The Arizona state champion team in 2009, Helping Hands, a neighborhood team from Peoria, earned second place overall at the World Festival competition in 2009.
Advanced problem-solving
Each year the competitions focus on exploring potential solutions to real-world challenges. Students use robots to perform various tasks that reflect how technology can be part of making advances that would, for example, improve public health, protect the environment, ensure clean water supplies or sanitary conditions in the production and distribution of food.
Some of the youngsters’ work has advanced into relatively complex engineering and math.
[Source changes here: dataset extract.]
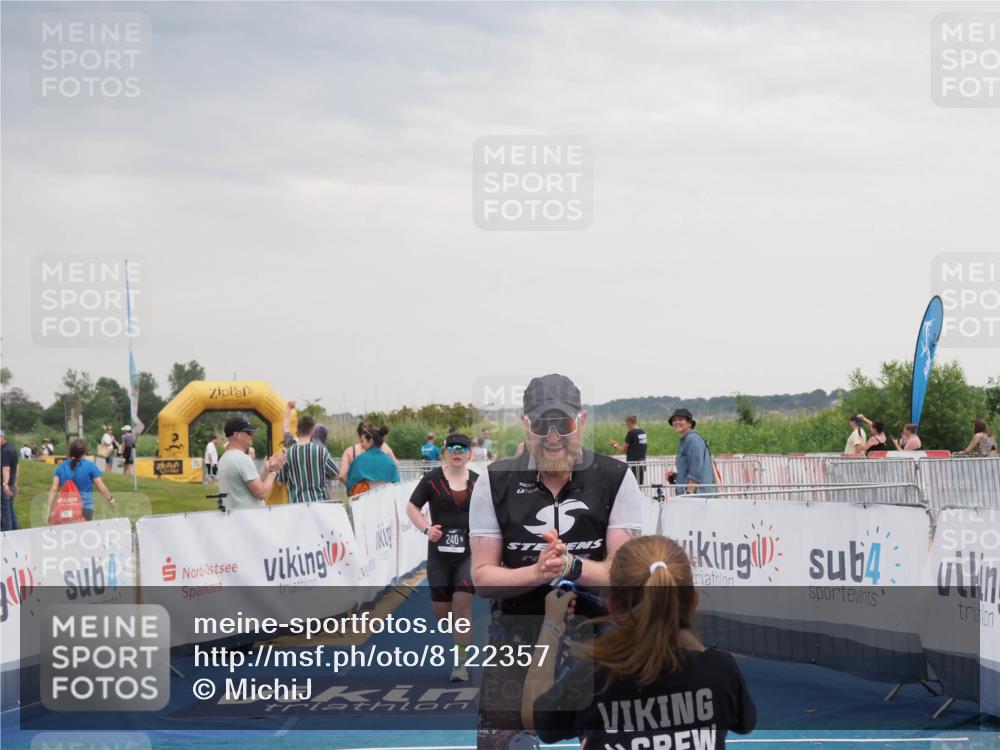 22.06.2025 - Viking Triathlon MichiJ http://msf.ph/oto/8122357 22.06.2025 16:36:52 Ziel 48, 240, 267 meine-sportfotos.de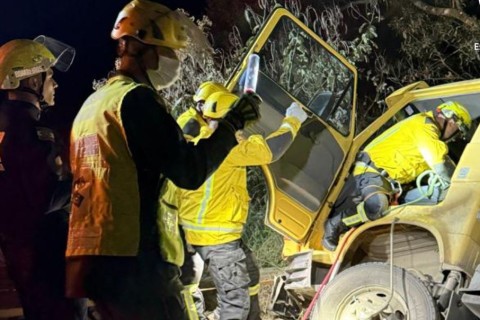 Caminhão colide contra ponte e motorista é resgatado em Imbuia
They’ve used calculus and mechanical design, for example, to enable their robots to perform various functions.
“In many cases these students are actually writing artificial-intelligence programs,” says Eric Von Burg, a teacher and coach of the FIRST LEGO League robotics team at MacArthur Elementary School in Mesa.
Students are learning to use electronic sensors to enable the robots to gather and respond to information sensed through touch, light and even sound.
“They are using robotics kits that are the same as those used in colleges to teach engineering principles,” Von Burg says.
Sparking fascination
Middle school teachers and robotics team coaches don’t measure the success of the program by where their teams finish in the competitions, but by what students learn and the positive reinforcement they gain from the experience.
The fun of making and operating robots, and tackling real technological problems, is awakening fascination among many students for engineering and science, says Faridodin Lajvardi, the robotics program coach for Carl Hayden High School in Phoenix .
Students who might never have had interest in or exposure to technological fields because of their backgrounds, or schools’ lack of resources, are “now showing a passion for engineering,” Lajvardi says.
“Robotics is a great vehicle to teach problem-solving skills to kids, because it applies math and science in ways they can see and understand,” explains Bill Johnson, a Scottsdale Community College instructor and mentor to several Scottsdale LEGO League teams.
Students whose teams make it to the state championship at ASU often get some extra motivation, says Chris Sheehan, the seventh-grade science teacher and robotics program director at Madison Park Middle School in Phoenix.
“When our students have 20-year-old college engineering majors at the championship tournament talking to them, listening to them, and telling them they are impressed by their robots, they feel a greater sense of importance about what they are doing,” Sheehan says.
Students get excited about going to ASU for the championship, Von Burg says.
“They understand that they’re at a place where real research happens,” he says, “and where people value the efforts our students have been making.”